Data provided —
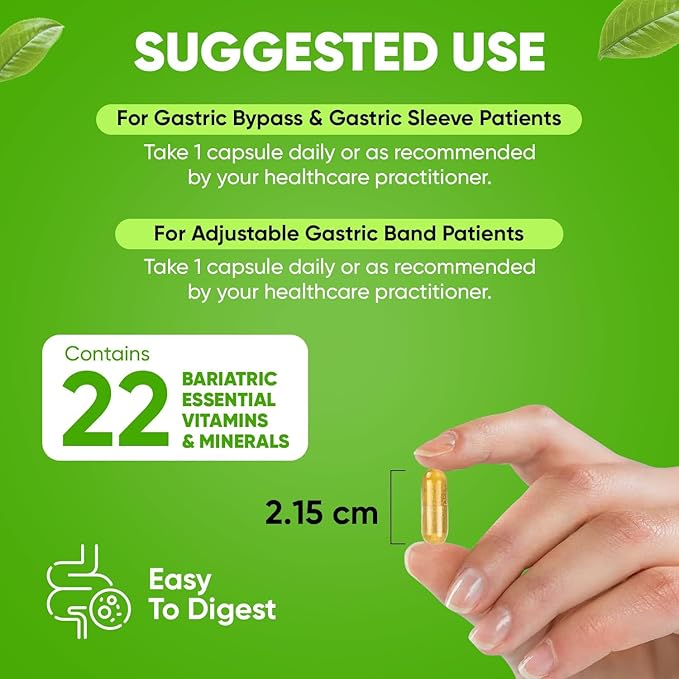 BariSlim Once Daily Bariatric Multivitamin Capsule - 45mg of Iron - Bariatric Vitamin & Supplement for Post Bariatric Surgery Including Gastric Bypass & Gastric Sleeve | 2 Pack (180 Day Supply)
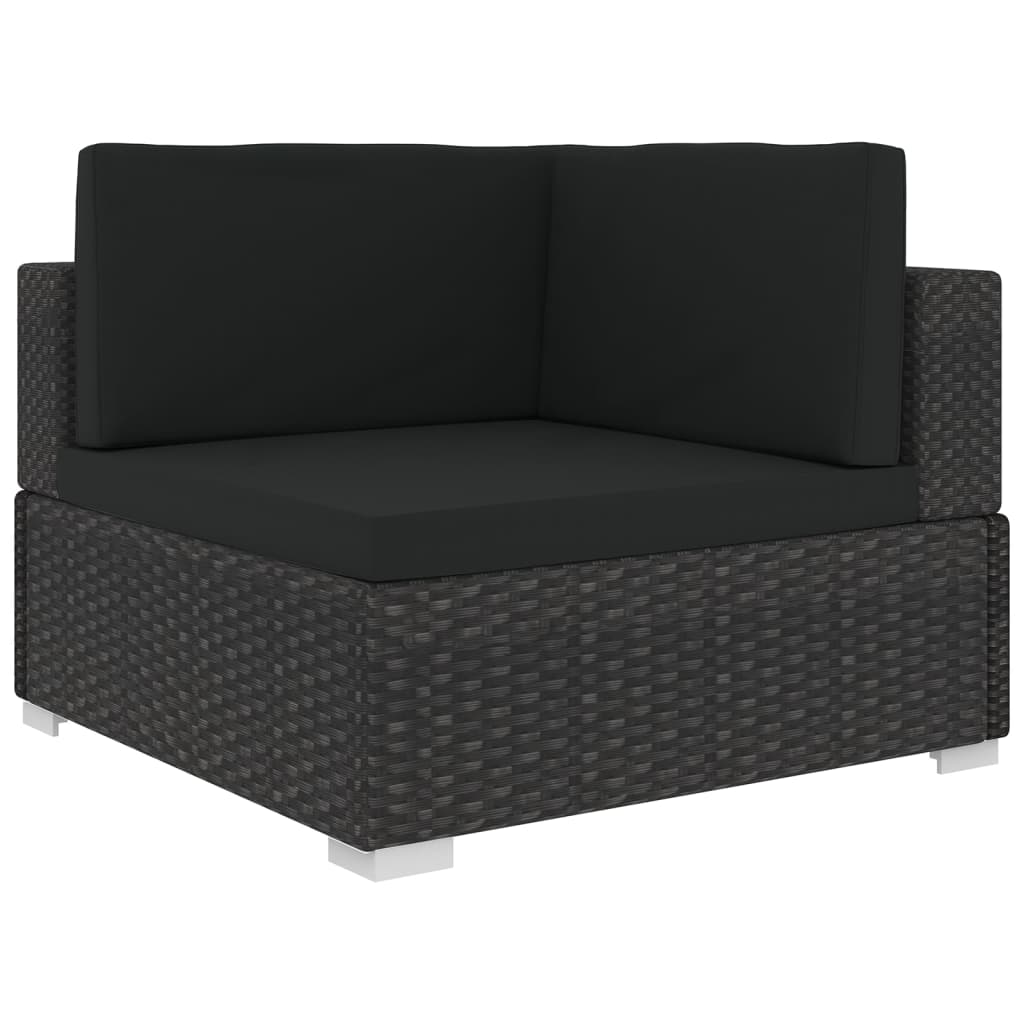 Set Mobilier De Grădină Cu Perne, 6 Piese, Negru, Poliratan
...
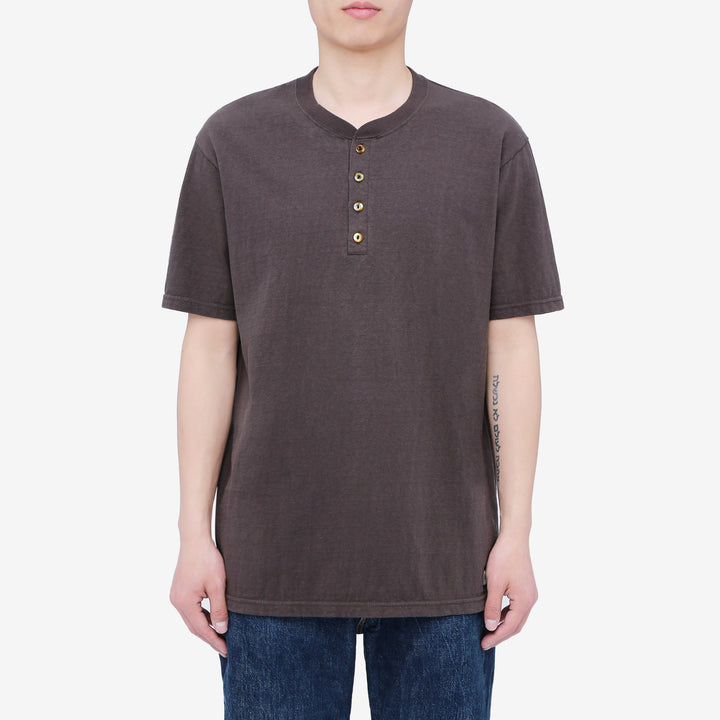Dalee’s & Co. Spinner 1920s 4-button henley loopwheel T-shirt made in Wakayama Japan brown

What this task involves —
In the entries above, every line from the line with "BariSlim Once Daily" to the line with "Set Mobilier De" is to be printed exactly, with both ends included and pictures excluded.

Exercise output —
 BariSlim Once Daily Bariatric Multivitamin Capsule - 45mg of Iron - Bariatric Vitamin & Supplement for Post Bariatric Surgery Including Gastric Bypass & Gastric Sleeve | 2 Pack (180 Day Supply)
 Set Mobilier De Grădină Cu Perne, 6 Piese, Negru, Poliratan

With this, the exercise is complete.